Transcribe word for word the lines below from the line with "NEW SZ XL Woman’s" through the line with "Feminine Pop Art", ends included.

======== DATA FOR THIS TASK ========

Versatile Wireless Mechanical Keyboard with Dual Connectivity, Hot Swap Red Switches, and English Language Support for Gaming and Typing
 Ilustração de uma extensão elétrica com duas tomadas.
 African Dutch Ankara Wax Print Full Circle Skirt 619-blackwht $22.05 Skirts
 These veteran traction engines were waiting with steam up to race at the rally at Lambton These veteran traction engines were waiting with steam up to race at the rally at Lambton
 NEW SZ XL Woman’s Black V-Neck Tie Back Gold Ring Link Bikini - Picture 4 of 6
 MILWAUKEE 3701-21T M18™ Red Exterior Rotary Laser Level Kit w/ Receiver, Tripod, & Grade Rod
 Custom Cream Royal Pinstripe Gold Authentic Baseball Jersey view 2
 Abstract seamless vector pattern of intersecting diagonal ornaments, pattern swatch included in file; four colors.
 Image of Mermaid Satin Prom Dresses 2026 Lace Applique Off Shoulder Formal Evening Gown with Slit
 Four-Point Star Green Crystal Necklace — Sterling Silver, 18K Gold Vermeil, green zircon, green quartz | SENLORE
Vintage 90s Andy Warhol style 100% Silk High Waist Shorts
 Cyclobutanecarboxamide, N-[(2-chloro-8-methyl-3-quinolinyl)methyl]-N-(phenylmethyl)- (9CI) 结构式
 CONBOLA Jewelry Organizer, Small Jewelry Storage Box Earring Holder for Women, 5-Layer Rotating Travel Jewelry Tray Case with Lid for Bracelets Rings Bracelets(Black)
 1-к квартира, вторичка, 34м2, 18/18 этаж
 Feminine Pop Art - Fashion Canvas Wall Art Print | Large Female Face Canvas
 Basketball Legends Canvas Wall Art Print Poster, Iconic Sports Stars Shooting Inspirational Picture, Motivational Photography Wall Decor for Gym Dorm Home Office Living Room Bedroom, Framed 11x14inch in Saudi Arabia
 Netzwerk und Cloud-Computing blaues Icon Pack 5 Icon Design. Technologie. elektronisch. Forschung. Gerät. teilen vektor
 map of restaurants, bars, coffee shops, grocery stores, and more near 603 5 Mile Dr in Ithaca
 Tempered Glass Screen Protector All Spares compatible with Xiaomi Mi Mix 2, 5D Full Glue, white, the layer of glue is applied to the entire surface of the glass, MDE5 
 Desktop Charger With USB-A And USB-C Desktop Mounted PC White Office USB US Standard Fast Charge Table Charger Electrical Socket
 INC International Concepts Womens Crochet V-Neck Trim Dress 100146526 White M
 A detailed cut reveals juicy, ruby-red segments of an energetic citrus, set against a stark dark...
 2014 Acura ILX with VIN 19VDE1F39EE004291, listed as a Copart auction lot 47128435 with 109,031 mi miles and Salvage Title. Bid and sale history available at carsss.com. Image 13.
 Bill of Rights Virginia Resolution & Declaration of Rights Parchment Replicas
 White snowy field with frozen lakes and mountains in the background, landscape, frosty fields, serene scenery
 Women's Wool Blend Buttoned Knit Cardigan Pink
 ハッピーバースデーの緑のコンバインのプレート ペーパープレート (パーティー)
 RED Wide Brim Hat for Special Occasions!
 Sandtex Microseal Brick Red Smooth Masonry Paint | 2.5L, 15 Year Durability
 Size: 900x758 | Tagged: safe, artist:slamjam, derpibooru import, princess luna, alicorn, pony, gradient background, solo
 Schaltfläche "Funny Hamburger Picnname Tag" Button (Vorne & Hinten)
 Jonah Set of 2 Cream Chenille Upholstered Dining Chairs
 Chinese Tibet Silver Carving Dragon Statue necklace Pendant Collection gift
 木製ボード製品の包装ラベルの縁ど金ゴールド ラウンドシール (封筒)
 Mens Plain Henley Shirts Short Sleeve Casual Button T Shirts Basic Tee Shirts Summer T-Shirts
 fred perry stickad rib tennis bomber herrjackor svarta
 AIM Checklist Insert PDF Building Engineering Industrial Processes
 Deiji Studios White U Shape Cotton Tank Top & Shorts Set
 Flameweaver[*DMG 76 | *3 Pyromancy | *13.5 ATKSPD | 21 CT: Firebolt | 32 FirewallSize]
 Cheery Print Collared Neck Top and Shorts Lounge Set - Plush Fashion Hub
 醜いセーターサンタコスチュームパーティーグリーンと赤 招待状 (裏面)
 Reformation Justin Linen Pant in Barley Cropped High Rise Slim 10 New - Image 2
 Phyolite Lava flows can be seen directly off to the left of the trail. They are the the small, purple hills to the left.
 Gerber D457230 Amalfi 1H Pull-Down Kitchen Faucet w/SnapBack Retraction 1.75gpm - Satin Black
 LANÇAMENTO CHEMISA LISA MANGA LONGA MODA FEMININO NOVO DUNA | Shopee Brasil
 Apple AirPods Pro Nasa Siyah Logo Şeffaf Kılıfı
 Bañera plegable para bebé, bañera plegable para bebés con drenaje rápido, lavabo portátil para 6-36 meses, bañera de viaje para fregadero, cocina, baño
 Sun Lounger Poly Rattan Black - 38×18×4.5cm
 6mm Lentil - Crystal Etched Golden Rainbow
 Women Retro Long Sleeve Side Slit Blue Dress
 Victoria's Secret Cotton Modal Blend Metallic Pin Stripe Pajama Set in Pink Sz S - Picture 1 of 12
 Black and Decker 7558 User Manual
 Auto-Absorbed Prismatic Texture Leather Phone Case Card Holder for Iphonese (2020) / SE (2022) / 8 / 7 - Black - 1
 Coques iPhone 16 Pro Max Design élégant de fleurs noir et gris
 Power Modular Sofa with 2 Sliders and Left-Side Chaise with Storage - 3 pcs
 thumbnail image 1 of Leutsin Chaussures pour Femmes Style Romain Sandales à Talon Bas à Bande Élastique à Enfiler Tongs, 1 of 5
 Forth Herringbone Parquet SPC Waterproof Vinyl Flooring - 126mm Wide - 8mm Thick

========

**ANSWER TO THE EXERCISE:**
 NEW SZ XL Woman’s Black V-Neck Tie Back Gold Ring Link Bikini - Picture 4 of 6
 MILWAUKEE 3701-21T M18™ Red Exterior Rotary Laser Level Kit w/ Receiver, Tripod, & Grade Rod
 Custom Cream Royal Pinstripe Gold Authentic Baseball Jersey view 2
 Abstract seamless vector pattern of intersecting diagonal ornaments, pattern swatch included in file; four colors.
 Image of Mermaid Satin Prom Dresses 2026 Lace Applique Off Shoulder Formal Evening Gown with Slit
 Four-Point Star Green Crystal Necklace — Sterling Silver, 18K Gold Vermeil, green zircon, green quartz | SENLORE
Vintage 90s Andy Warhol style 100% Silk High Waist Shorts
 Cyclobutanecarboxamide, N-[(2-chloro-8-methyl-3-quinolinyl)methyl]-N-(phenylmethyl)- (9CI) 结构式
 CONBOLA Jewelry Organizer, Small Jewelry Storage Box Earring Holder for Women, 5-Layer Rotating Travel Jewelry Tray Case with Lid for Bracelets Rings Bracelets(Black)
 1-к квартира, вторичка, 34м2, 18/18 этаж
 Feminine Pop Art - Fashion Canvas Wall Art Print | Large Female Face Canvas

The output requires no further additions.